About 100 quarts of sauerkraut fly off their shelves during the last week of December. Don and Elaine process the cabbage the first week in November and ferment it for six weeks before repacking it into quarts that go on sale just before Christmas.
Elaine (Saylor) Mease’s dad — the late Sam Saylor — raised cattle and was a butcher on his Valley Brook Farm from the 1930s until he retired.
“My dad was known for his pork products with a stand at the Allentown Farmers Market for years,” Elaine said. “Don and I took over the business in 1980 until we retired in 2003.
Today, the Meases’ son Tim and his wife, Maria, own the business. They added the grocery store in Hellertown in 2007.
Like many Pennsylvanians with a German heritage, the Saylors and the Meases traditionally ate sauerkraut that was put up in crocks during the year.
“In the early 1990s, we decided to make an extra crock of sauerkraut and put it in jars to see if our customers were interested in purchasing some with their pork for New Year’s Day,” Elaine said.
It was an immediate hit, she said, and they have continued the holiday tradition ever since.
Elaine and her husband drive 140 miles round trip with a pickup truck to purchase the cabbage from the Nolt farm each fall.
According to the Ag Marketing Resource Center, about 12% of U.S. cabbage production in 2020 was turned into sauerkraut, 45% used for coleslaw and fresh head cabbage used 35%. The remaining is made into other fresh-cut products.
Elaine said that making sauerkraut isn’t difficult and takes just two ingredients: shredded cabbage and salt. The couple uses the family’s recipe for the salt-cabbage mix.
Elaine and Don Mease shred the 40 cabbages mechanically the day after purchase.
“We make so much kraut now,” Elaine said, “that our two original crocks are way too small to use, so we line 50-gallon, food-grade drums with plastic bags and layer them with the shredded cabbage and salt.”
She said they use a vintage wooden hammer to pack the layers tight until the drum is full.

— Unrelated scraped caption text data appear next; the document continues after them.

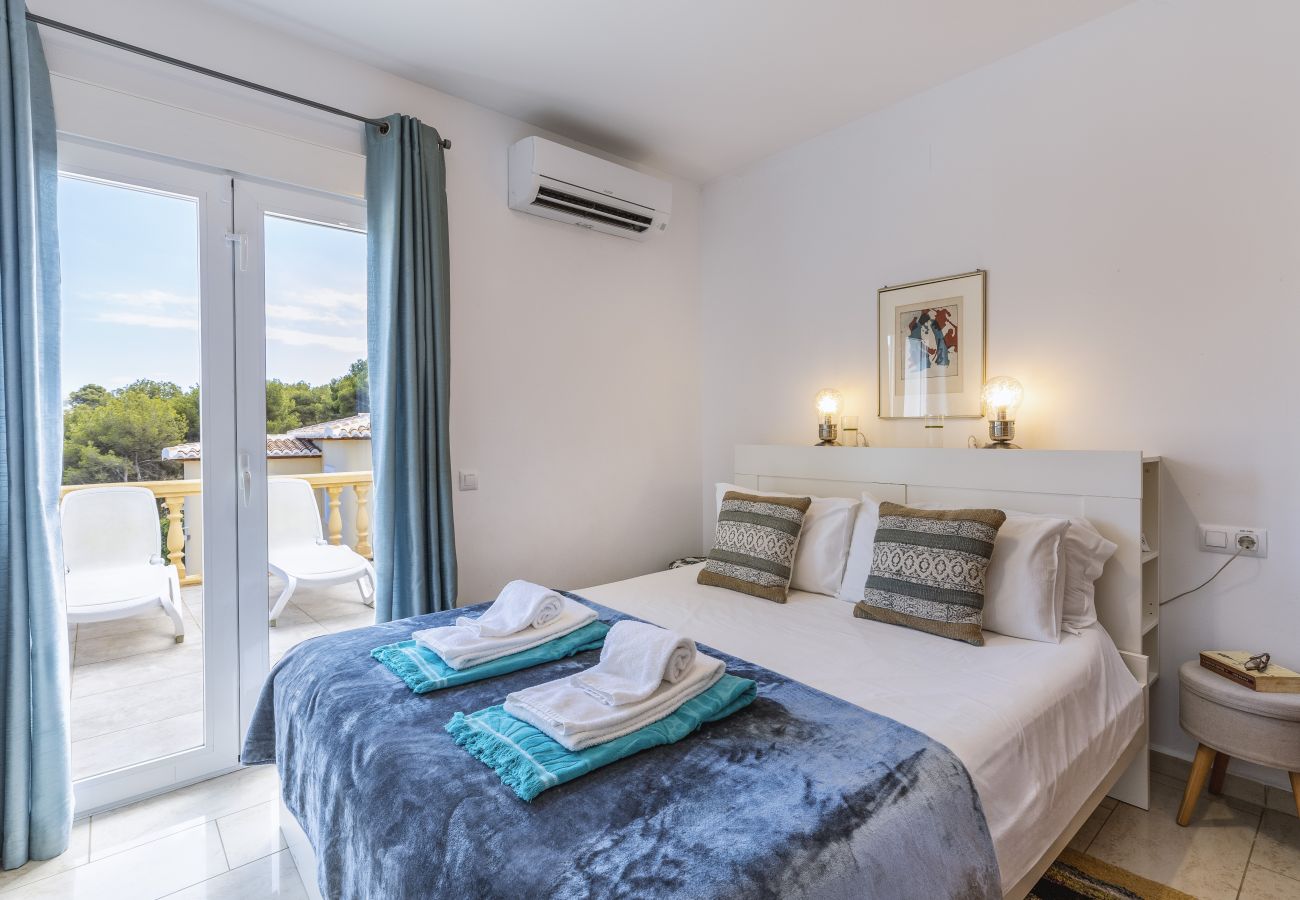 Villa in Javea - Casa Sunshine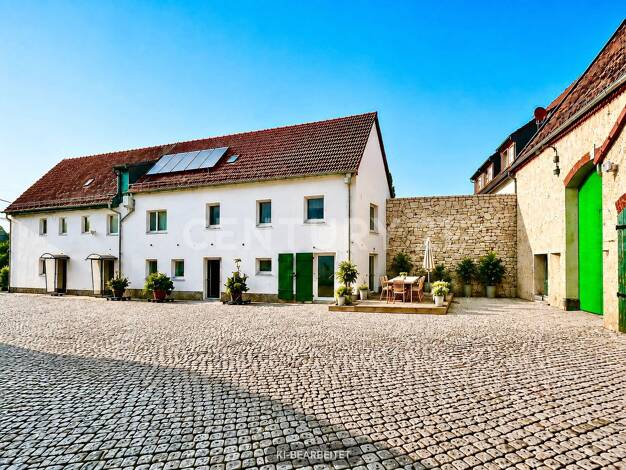 Doppelhaushälfte zum Kauf 150.000 € 4 Zimmer 68 m² 320 m² Grundstück Radebeul 01445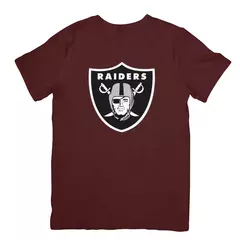 Camisa New Era Raiders na internet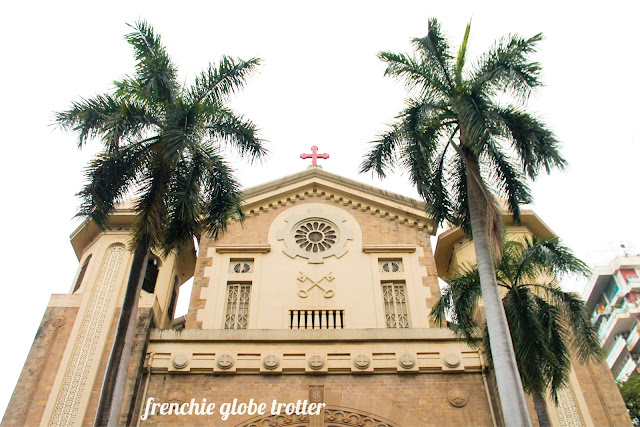 Saint Peter's Church in Mumbai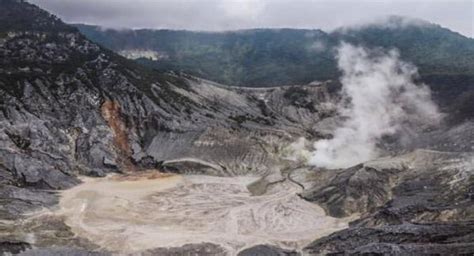 Antisipasi Erupsi Pvmbg Minta Masyarakat Tak Berada Di Kawasan Kawah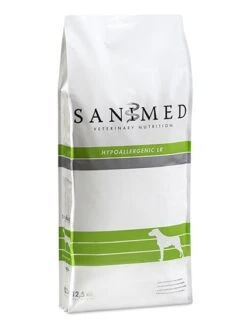 Sanimed Hypoallergenic LR - Hondenvoer - 12,5kg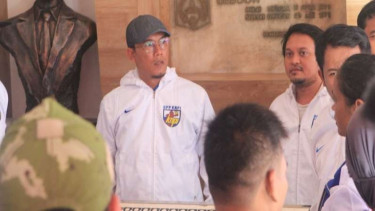 KNPI napak tilas ke Rengasdengklok.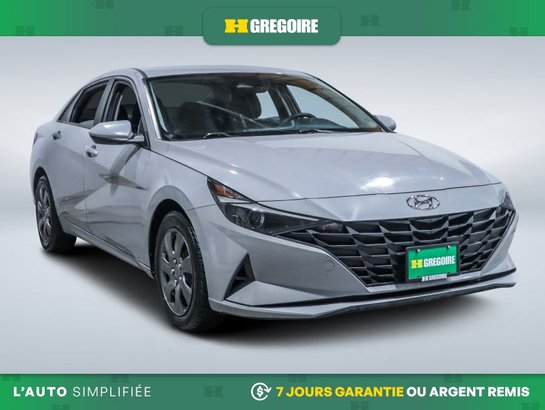 Hyundai Elantra 2021 2021 Gris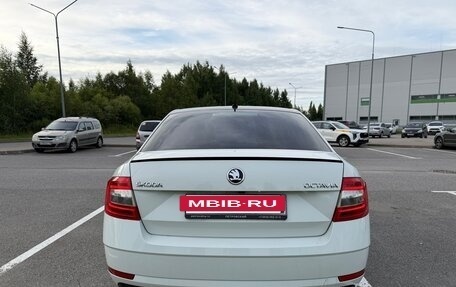 Skoda Octavia, 2018 год, 1 540 000 рублей, 3 фотография
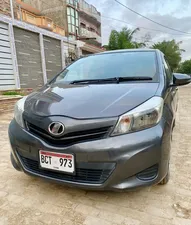 Toyota Vitz F Intelligent Package 1.0 2011 for Sale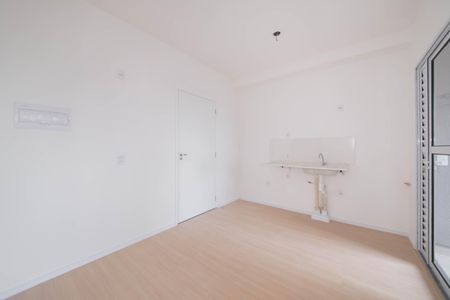 Apartamento à venda com 27m², 2 quartos e sem vagaSala/Cozinha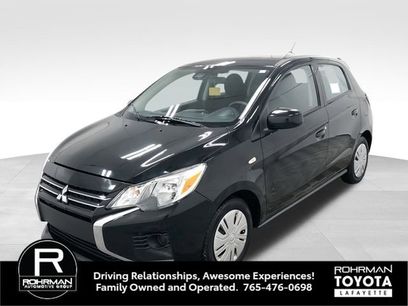 Used 2021 Mitsubishi Mirage ES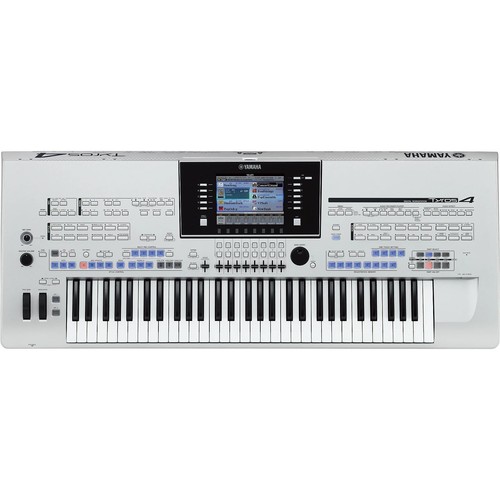 Yamaha tyros digital - yamaha, 4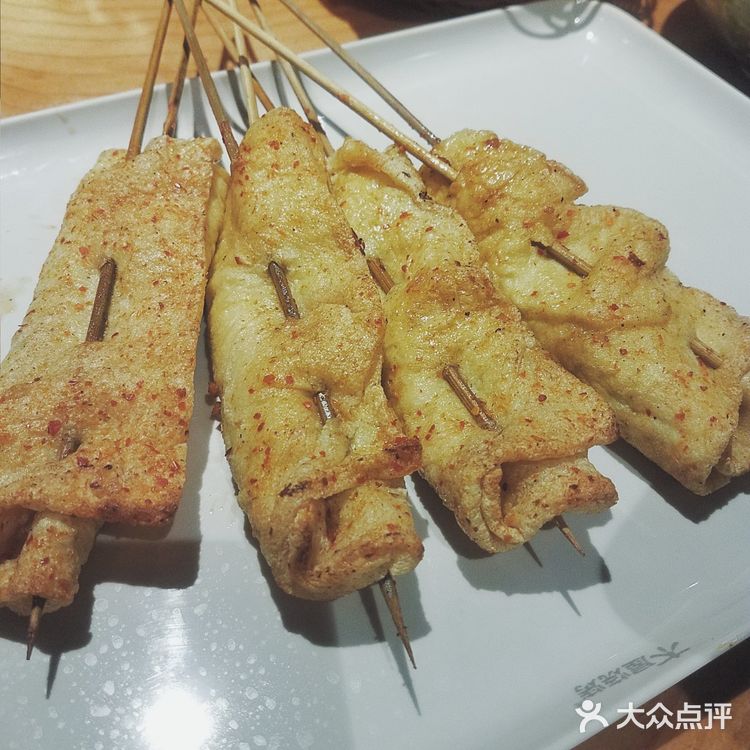 长沙木屋烧烤首店!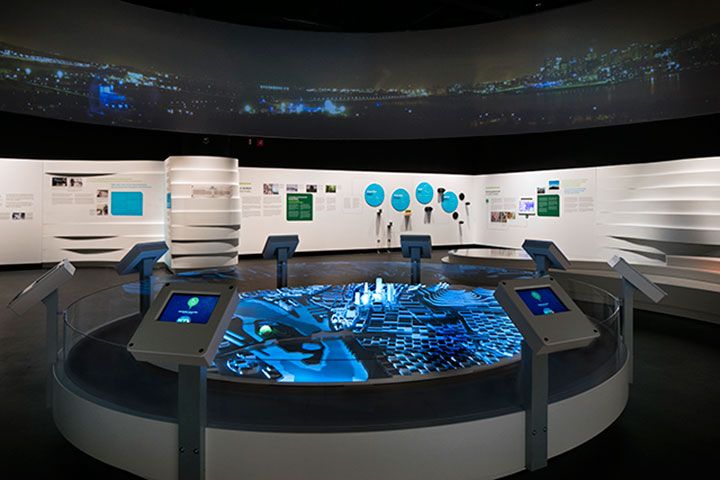 多媒體互動(dòng)裝置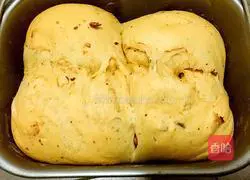 Brown sugar and jujube toast recipe 13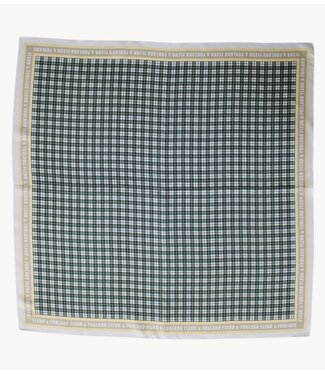 Fleur & Foulard Sjaal Scarf double check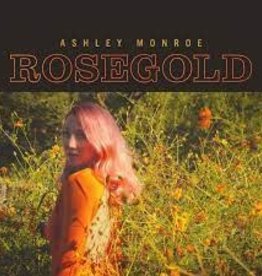 Self Released (CD) Ashley Monroe - Rose Gold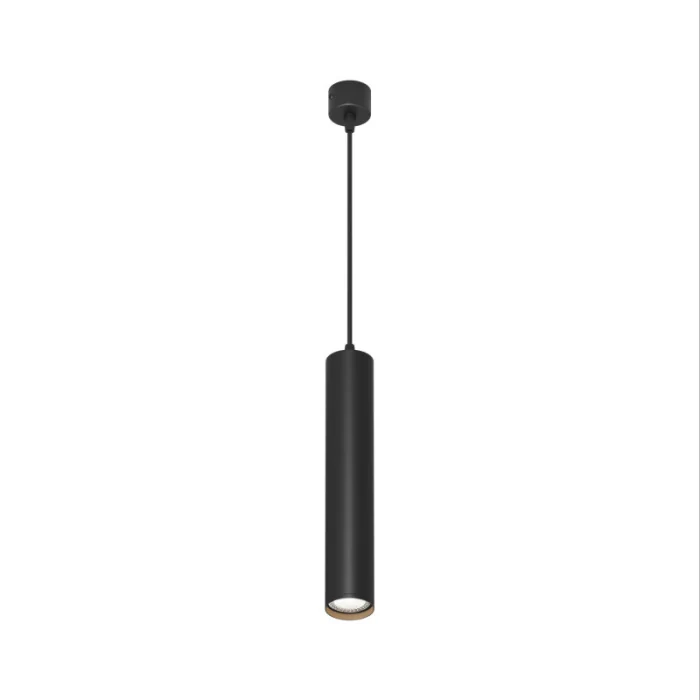 Подвесной светильник Denkirs TUBE DK4050-BK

“We then close the plastic bags and place a lid on the bagged cabbage and hold it down with a 5- gallon container of water,” she said. She explains that the entire drum is then wrapped in plastic to keep the fermentation smell, which can be pretty powerful, from seeping out.
“The drums sit untouched for six weeks,” Elaine stressed, “until we are ready to package the sauerkraut in deli containers for retail sale.”
The containers are sold both from the Valley Brook Farm butcher shop and at their Hellertown grocery store.
“We don’t put the kraut out until just before Christmas,” she said, “and we have regular customers who are there that first day to purchase usually one to five quarts, depending on the size of their family.”
The inventory is just about gone, priced at $5.99 a quart, by New Year’s Eve, Elaine said. “I have to remember to put the sauerkraut away for my family’s New Year’s Day celebration first or it would be sold too.”